# ASSIGNED TASK
Repeat the full listing below verbatim and keep the images out.

# COLLECTED DATA
▼▼▼
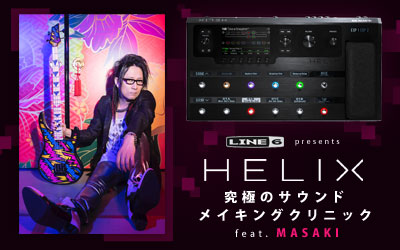 Line 6 presents - Helix 究極のサウンドメイキングクリニック feat. MASAKI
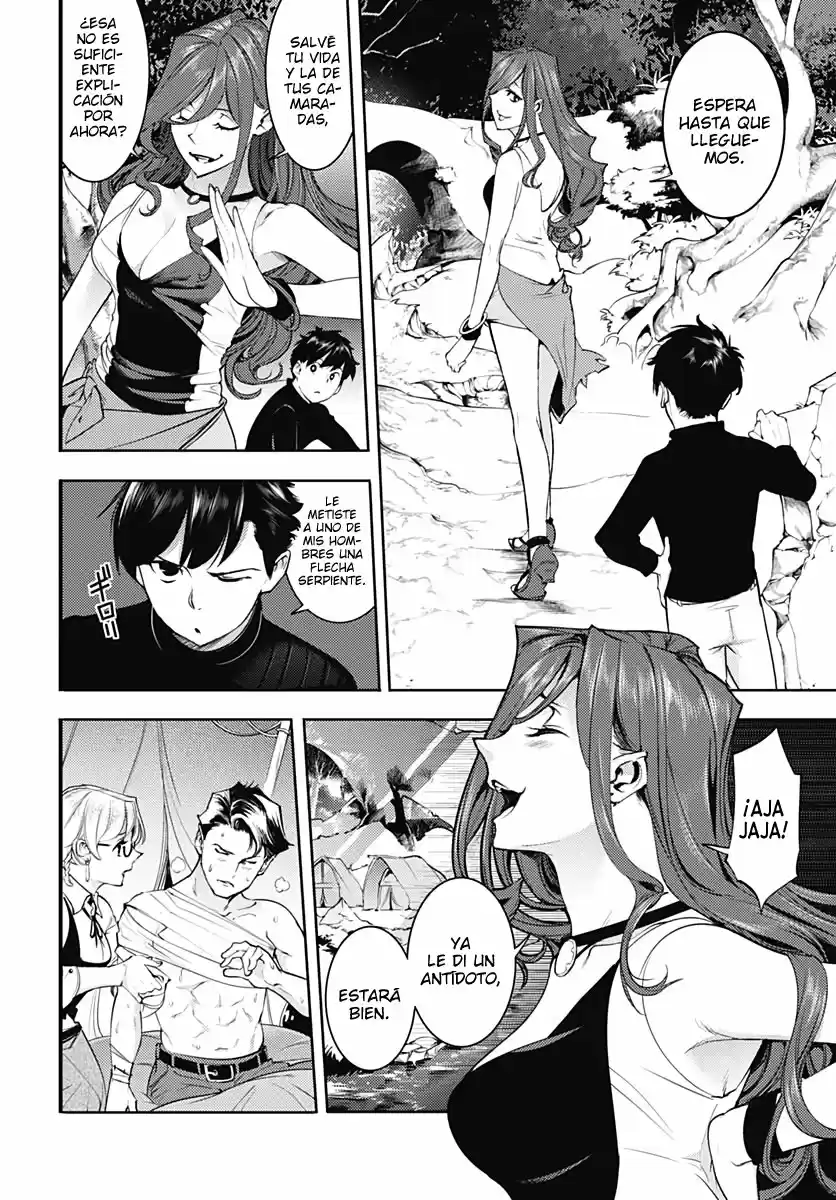 World's End Harem - Fantasia - Capítulo 32 - Página 15 - LectorTMOo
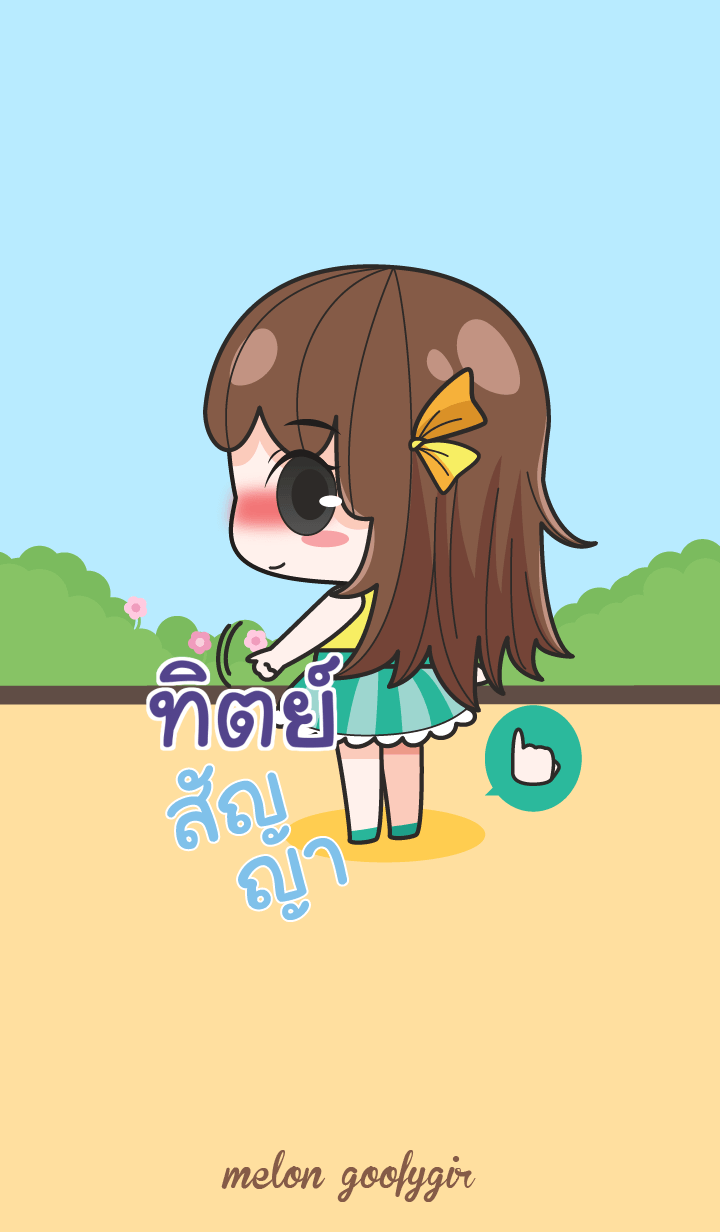 TIT3 melon goofy girl_V05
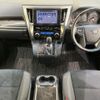toyota alphard 2022 -TOYOTA--Alphard 3BA-AGH30W--AGH30-0444158---TOYOTA--Alphard 3BA-AGH30W--AGH30-0444158- image 2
▲▲▲
# ANSWER FOR THE TASK
 Line 6 presents - Helix 究極のサウンドメイキングクリニック feat. MASAKI
 World's End Harem - Fantasia - Capítulo 32 - Página 15 - LectorTMOo
 TIT3 melon goofy girl_V05
toyota alphard 2022 -TOYOTA--Alphard 3BA-AGH30W--AGH30-0444158---TOYOTA--Alphard 3BA-AGH30W--AGH30-0444158- image 2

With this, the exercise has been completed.